Originally Posted by Electric-Mayhem
Don't really feel like doing much more explaining of this theory (maybe one more try). I do think it holds up (may or may not at 170 feet), but I seem to be the only one.
There is more to it then the fall and landing, as there is a reaction upon landing. Fall straight down, the reaction will be to go straight back up. Fall and move forward, and the kayak will move with the path of least resistance with the forces applied. Since the boat is moving both sideways and downwards, not all the of the reacting force is applied back into the boat. The kayak will go the way that is least resistant, that being sideways rather then up this time.
Do this, get a block of wood or something that floats and is relatively kayak shaped and find a water source (sink with a few inches of water will do). Now, drop it straight down and watch what happens. Then give it some sideways velocity so that it lands going a bit forward at the same time. I think you'll notice that it will take some of the downward force and apply it horizontally into movement, instead of just stopping the kayak dead and transferring it into the the kayak. Yes, some of the upward force is still applied, but not nearly as much as if you fell straight down and landed flat.

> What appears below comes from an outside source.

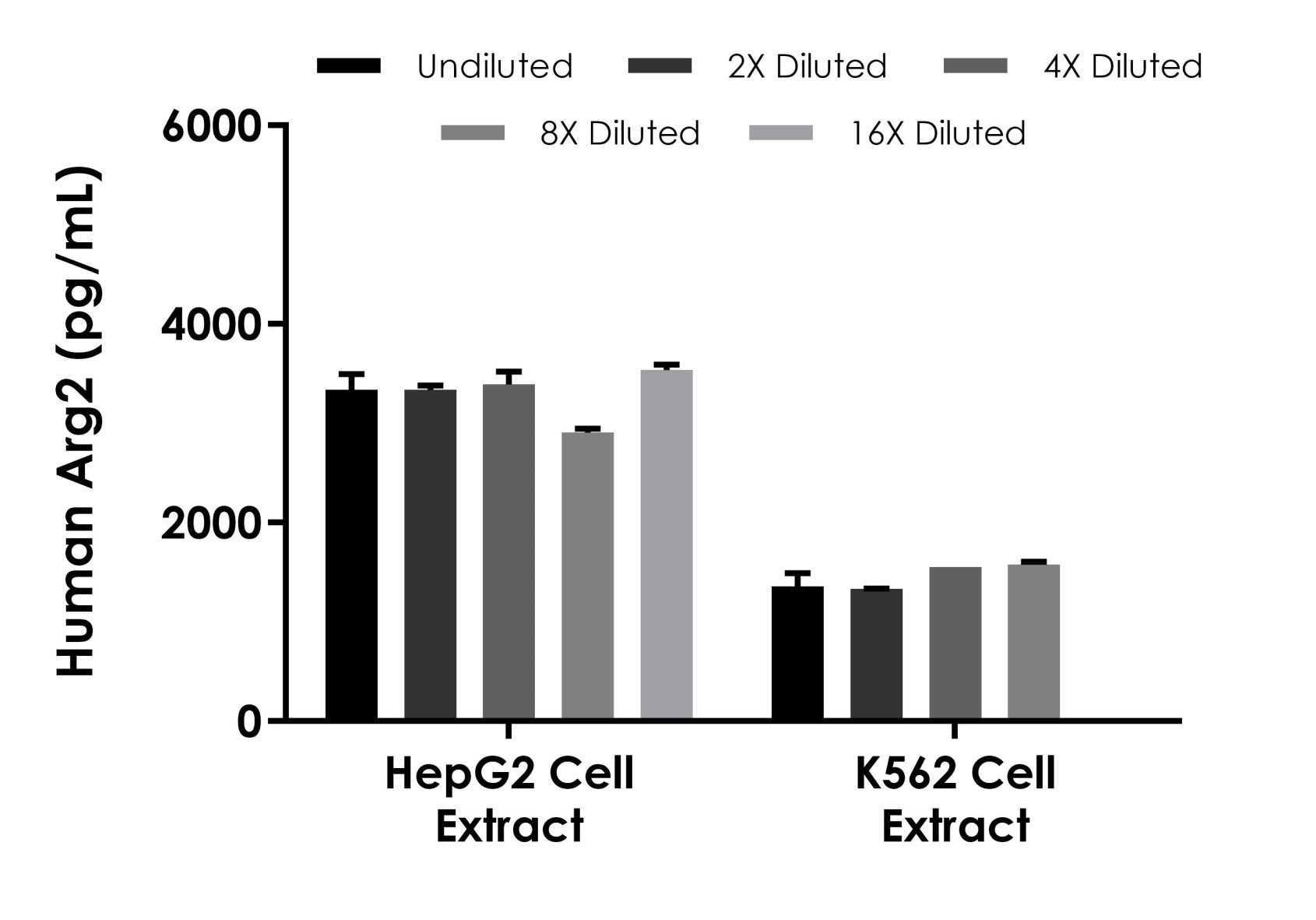 Sandwich ELISA - Human Arg2 ELISA Kit (AB289702)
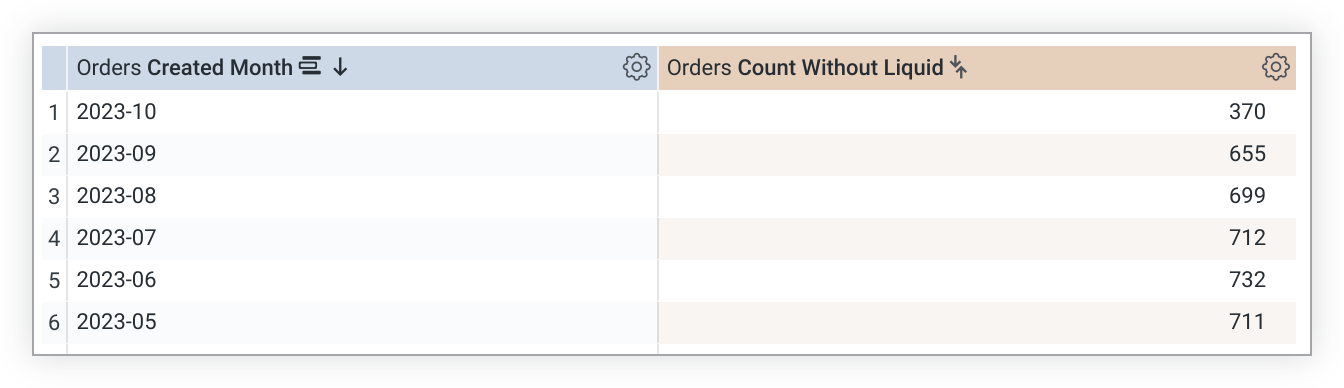 Results in a data table for a query with the Created Month and Count Without Liquid fields selected.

I don't really feel like doing much more explaining either. Listen I have a degree in physics and work as an engineer. I have a pretty good understanding of freshman physics, which is what this is.
Your ideas are ideas that most intelligent people, without formal training in physics or engineering probably hold. Without the formal physics or engineering, or math training, it is very hard to get over the intuitive ideas that are many times wrong. I am not calling you, or Shaun Baker stupid, and you are probably a much better kayaker than me, but I have a much better grasp of the mechanics of falling from large heights.
Your wakeboarding example is a good one. Why do you think wakeboarders try to land on the slope of the opposite wake, instead of in the flatwater? If they landed in the flatwater, they would still hit hard, not matter how fast they are going.
Another good example is when Evil Knievel jumped the Grand Canyon. He was going really fast when he reached the other side, but they still had a ramp for him to land on, if he had landed on flat ground on the other side he would have been screwed (I think he broke a ton of bones anyway).
When you take a wooden block and throw it into the water with some horizontal speed, of course it is going to keep moving in that direction. However, that does not mean that the force in the vertical direction is any less.
If you don't believe me, go ask some other engineer or physicist.